**What is needed**
Once the line with "Durban Poison Autoflower. Week 12" is found in the entries below, print it and each following line exactly, stopping after the line with "36 Extracellular matrix"; print nothing else.

(Records from a data source)

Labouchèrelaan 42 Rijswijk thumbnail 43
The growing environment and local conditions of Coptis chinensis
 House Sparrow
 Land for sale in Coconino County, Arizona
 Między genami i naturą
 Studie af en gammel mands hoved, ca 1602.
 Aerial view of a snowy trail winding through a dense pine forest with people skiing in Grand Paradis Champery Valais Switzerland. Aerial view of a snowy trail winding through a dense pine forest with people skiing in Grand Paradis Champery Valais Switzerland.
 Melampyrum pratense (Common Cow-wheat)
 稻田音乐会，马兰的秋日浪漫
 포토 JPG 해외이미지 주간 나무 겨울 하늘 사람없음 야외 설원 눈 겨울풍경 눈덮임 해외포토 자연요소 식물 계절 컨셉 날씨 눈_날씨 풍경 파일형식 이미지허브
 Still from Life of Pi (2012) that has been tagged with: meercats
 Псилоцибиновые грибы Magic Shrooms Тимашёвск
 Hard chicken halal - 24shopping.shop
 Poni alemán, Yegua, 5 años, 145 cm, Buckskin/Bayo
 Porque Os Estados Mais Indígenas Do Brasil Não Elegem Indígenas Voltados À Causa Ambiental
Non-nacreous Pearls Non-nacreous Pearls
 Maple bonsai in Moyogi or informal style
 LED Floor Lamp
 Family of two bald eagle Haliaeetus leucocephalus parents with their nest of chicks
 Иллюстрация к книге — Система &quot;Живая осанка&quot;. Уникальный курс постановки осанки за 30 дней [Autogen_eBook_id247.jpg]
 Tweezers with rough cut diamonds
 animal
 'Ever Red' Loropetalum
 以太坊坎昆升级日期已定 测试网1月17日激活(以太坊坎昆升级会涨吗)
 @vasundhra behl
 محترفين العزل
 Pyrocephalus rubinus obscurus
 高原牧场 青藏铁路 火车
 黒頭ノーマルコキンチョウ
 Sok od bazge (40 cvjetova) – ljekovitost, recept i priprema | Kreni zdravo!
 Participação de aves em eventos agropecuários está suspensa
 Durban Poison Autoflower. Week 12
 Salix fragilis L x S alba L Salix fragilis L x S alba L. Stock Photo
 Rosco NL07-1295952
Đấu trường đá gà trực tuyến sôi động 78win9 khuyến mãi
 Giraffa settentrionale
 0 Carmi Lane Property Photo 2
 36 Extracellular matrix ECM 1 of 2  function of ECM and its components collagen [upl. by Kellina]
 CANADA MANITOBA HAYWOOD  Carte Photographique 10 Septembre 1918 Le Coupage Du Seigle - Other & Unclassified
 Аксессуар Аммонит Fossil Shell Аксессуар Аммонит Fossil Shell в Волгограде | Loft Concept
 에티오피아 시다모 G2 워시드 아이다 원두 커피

**Exercise result**
 Durban Poison Autoflower. Week 12
 Salix fragilis L x S alba L Salix fragilis L x S alba L. Stock Photo
 Rosco NL07-1295952
Đấu trường đá gà trực tuyến sôi động 78win9 khuyến mãi
 Giraffa settentrionale
 0 Carmi Lane Property Photo 2
 36 Extracellular matrix ECM 1 of 2  function of ECM and its components collagen [upl. by Kellina]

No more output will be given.